2000 05-02-2020. Ocd is granted access to me for the millionth time since I was detained. Blues and greens seem unaware (at least when I feel too guilty about it to tell them) they keep letting Ocd in or ever making its torture of me worse.

2330 05-02-2020. Ocd, in cooperation with another detainee prevents me from using my designated bed, even though the bed has no visible reason to prevent use.

0040 06-02-2020. A blue and green issue me another bed elsewhere in the containment wing to ensure I sleep without Ocd getting in the way.

1500 06-02-2020. Taken off site to complete mandatory paperwork from the DWP. Rumor is that those who work for them are heartless monsters, and their overseers are pure evil (😛).

2230 06-02-2020. Can finally go to sleep as the last pill of the day has been issued.

0800 07-02-2020. Got to take another pill at this time, as per usual. I was asleep!
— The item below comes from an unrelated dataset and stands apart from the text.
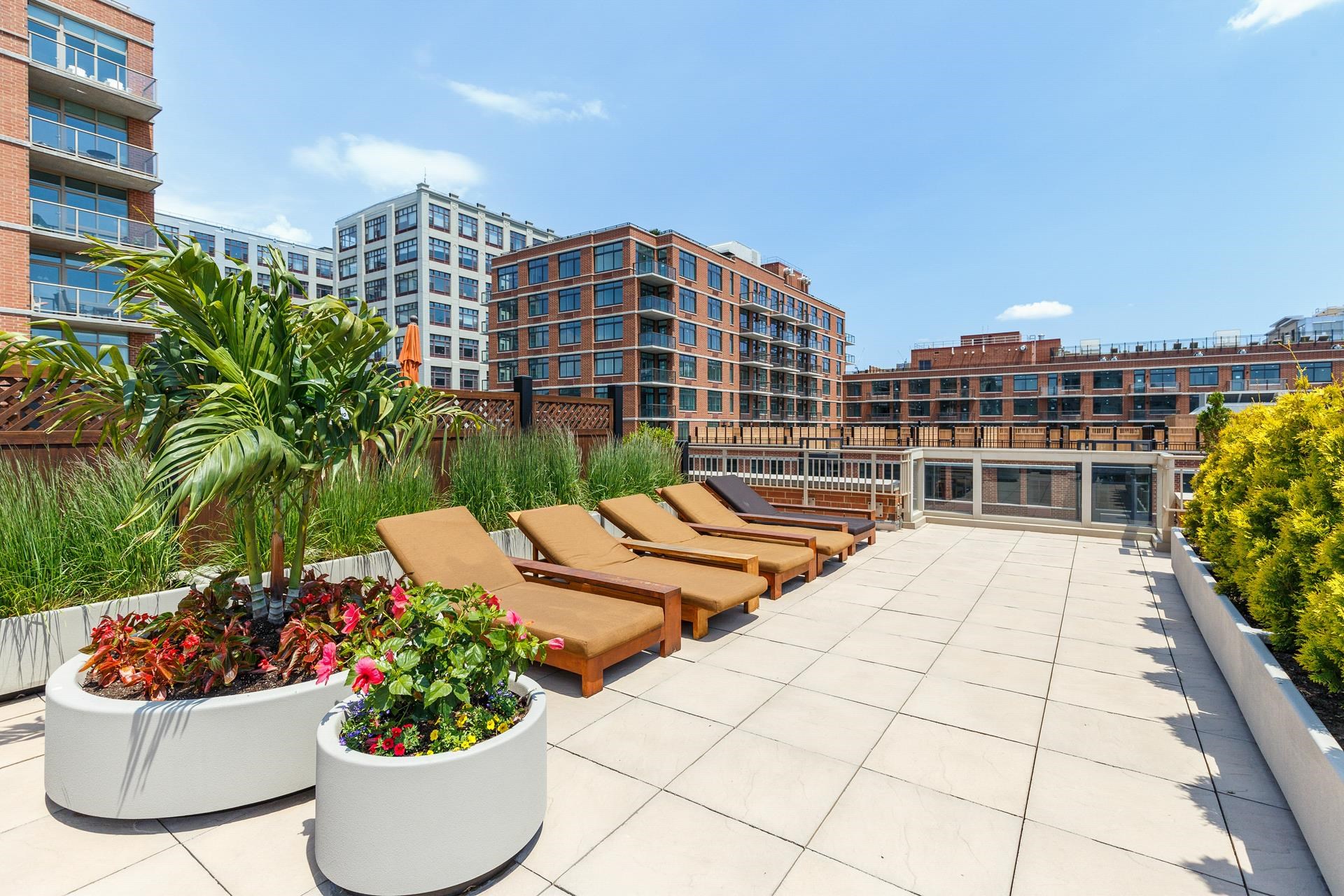 1400 HUDSON ST Unit: 309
1000 07-02-2020. I secure access to my phone after losing access previously (due to needing to leave it with staff to charge). Limited connectivity only lets me transmit this log. If you find it, please get me out of here – they might have lost the paperwork but I exist!!

P.S. Writing this was fun. I am on a section 2, so don’t have a choice about being on a ward, and I do get regular escorted leave now, at least since a psychiatrist, a director, directed the nurses, blues and heath care assistants, greens, to make sure it happened, even if they were “busy”.